I'm sorry but... what :confused:

He means the revival of reggae in 1993 and 1994, with the likes of Chaka Demus and Pliers, Bitty McLean, Shabba Ranks, Shaggy, and also the bastardized strains like Snow and Apache Indian and Peter Andre.

Those really were two terrible years for pop music.
 
He means the revival of reggae in 1993 and 1994, with the likes of Chaka Demus and Pliers, Bitty McLean, Shabba Ranks, Shaggy, and also the bastardized strains like Snow and Apache Indian and Peter Andre.

Those really were two terrible years for pop music.

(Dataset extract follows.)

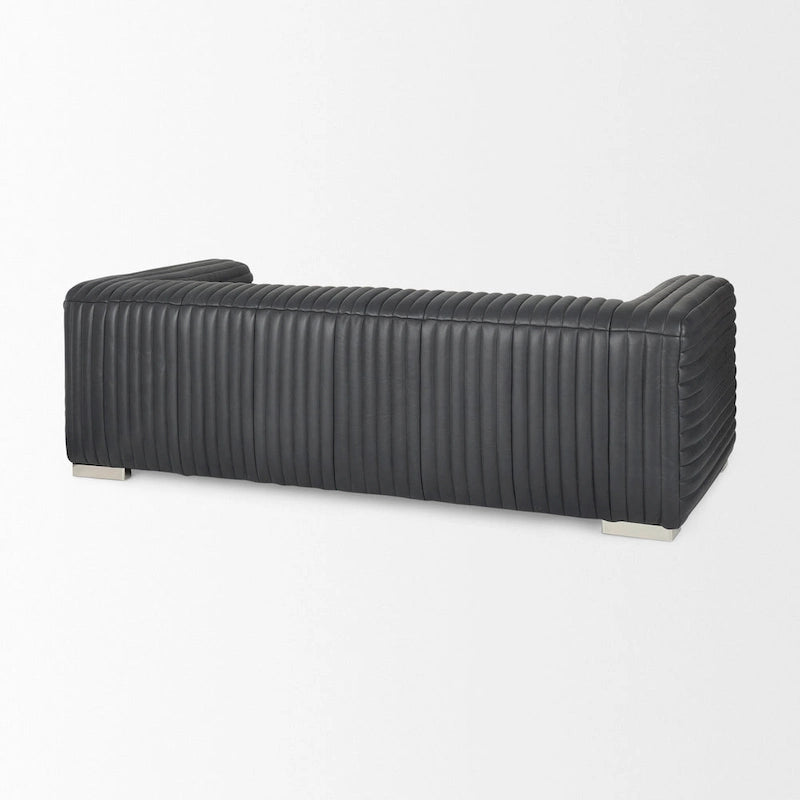 Ricciardo Cognac Genuine Leather Wrapped Sofa - 86.6L x 38.6W x 26.4H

There was loads of reggae before and after that though :\

In the 70s there were people like Ken Boothe, John Holt, Eddy Grant.

The 80s gave people like Maxi Priest, UB40

I'm not sure about the 90s tbh :p

In the 2000s, you've got the likes of Damian Marley, Jah Cure, Bedouin Soundclash.

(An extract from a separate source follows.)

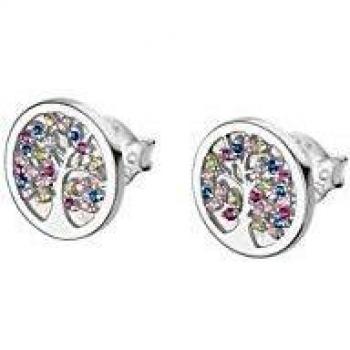 Pendientes Lotus Silver Mujer Árbol de la Vida Circonitas de Color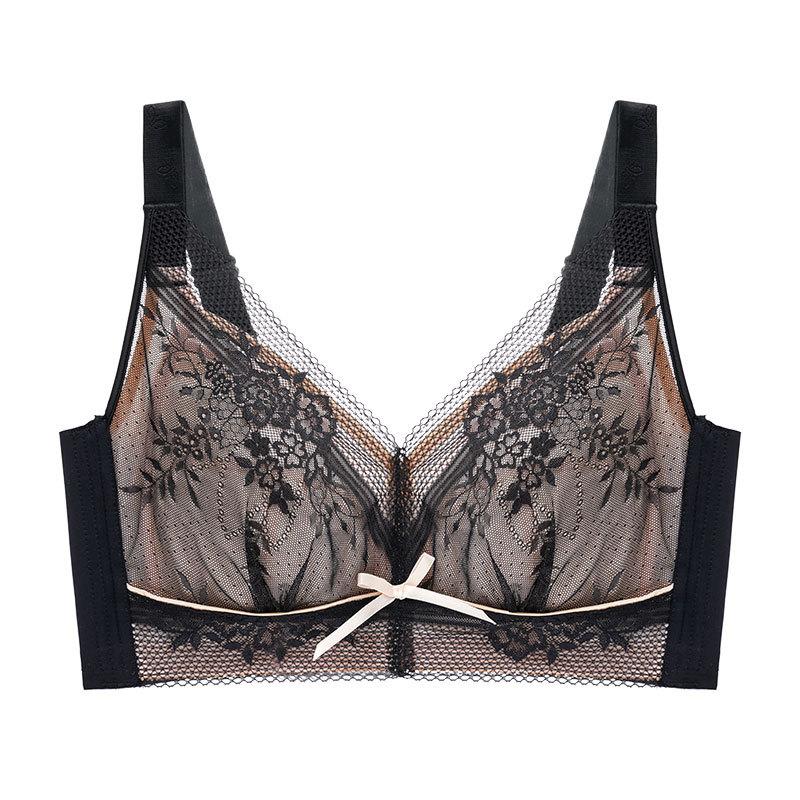 Большой размер Тонкий бюстгальтер без косточек Полная чашка Регулируемая форма Пуш-ап и Поддержка боковой груди Нижнее белье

So to be honest, I don't really agree with the statement.
However, I was born in 1994, and reggae is my favourite genre.
 
There was loads of reggae before and after that though :\

In the 70s there were people like Ken Boothe, John Holt, Eddy Grant.

The 80s gave people like Maxi Priest, UB40

I'm not sure about the 90s tbh :p

In the 2000s, you've got the likes of Damian Marley, Jah Cure, Bedouin Soundclash.

So to be honest, I don't really agree with the statement.
However, I was born in 1994, and reggae is my favourite genre.

I know all that. He's referring specifically to the stuff from 1993/4 as expanded upon by me. It was a pop fad, like latin stuff (Ricky Martin , Lou bega, Shakira) was a few years later.